--- Input records Enclosed Below ---
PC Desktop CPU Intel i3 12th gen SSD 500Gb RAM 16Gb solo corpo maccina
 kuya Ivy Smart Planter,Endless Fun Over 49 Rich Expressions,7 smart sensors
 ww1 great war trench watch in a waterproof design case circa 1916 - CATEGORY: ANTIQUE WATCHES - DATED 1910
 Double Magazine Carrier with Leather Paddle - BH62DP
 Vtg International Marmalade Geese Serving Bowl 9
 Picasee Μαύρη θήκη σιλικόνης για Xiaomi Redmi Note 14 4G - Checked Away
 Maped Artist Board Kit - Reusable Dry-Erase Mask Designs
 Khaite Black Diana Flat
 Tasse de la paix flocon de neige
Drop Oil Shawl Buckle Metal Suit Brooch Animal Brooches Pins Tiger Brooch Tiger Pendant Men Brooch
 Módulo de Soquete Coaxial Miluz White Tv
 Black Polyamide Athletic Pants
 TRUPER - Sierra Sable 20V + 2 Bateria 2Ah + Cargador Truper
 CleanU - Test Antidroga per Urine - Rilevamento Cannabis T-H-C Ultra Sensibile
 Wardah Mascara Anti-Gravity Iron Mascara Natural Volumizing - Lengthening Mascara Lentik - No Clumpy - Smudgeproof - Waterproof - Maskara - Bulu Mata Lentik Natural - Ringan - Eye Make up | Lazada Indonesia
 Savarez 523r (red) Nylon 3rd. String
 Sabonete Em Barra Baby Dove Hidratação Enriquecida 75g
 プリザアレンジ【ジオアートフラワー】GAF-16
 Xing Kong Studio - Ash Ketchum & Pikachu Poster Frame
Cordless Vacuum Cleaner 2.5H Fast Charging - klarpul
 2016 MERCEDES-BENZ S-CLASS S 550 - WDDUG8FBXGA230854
--- End of Enclosed Input records ---
> Required work
After finding the line that contains "Drop Oil Shawl" in the records above, copy that line and each one after it exactly, through the final line.

> Reply to the task
Drop Oil Shawl Buckle Metal Suit Brooch Animal Brooches Pins Tiger Brooch Tiger Pendant Men Brooch
 Módulo de Soquete Coaxial Miluz White Tv
 Black Polyamide Athletic Pants
 TRUPER - Sierra Sable 20V + 2 Bateria 2Ah + Cargador Truper
 CleanU - Test Antidroga per Urine - Rilevamento Cannabis T-H-C Ultra Sensibile
 Wardah Mascara Anti-Gravity Iron Mascara Natural Volumizing - Lengthening Mascara Lentik - No Clumpy - Smudgeproof - Waterproof - Maskara - Bulu Mata Lentik Natural - Ringan - Eye Make up | Lazada Indonesia
 Savarez 523r (red) Nylon 3rd. String
 Sabonete Em Barra Baby Dove Hidratação Enriquecida 75g
 プリザアレンジ【ジオアートフラワー】GAF-16
 Xing Kong Studio - Ash Ketchum & Pikachu Poster Frame
Cordless Vacuum Cleaner 2.5H Fast Charging - klarpul
 2016 MERCEDES-BENZ S-CLASS S 550 - WDDUG8FBXGA230854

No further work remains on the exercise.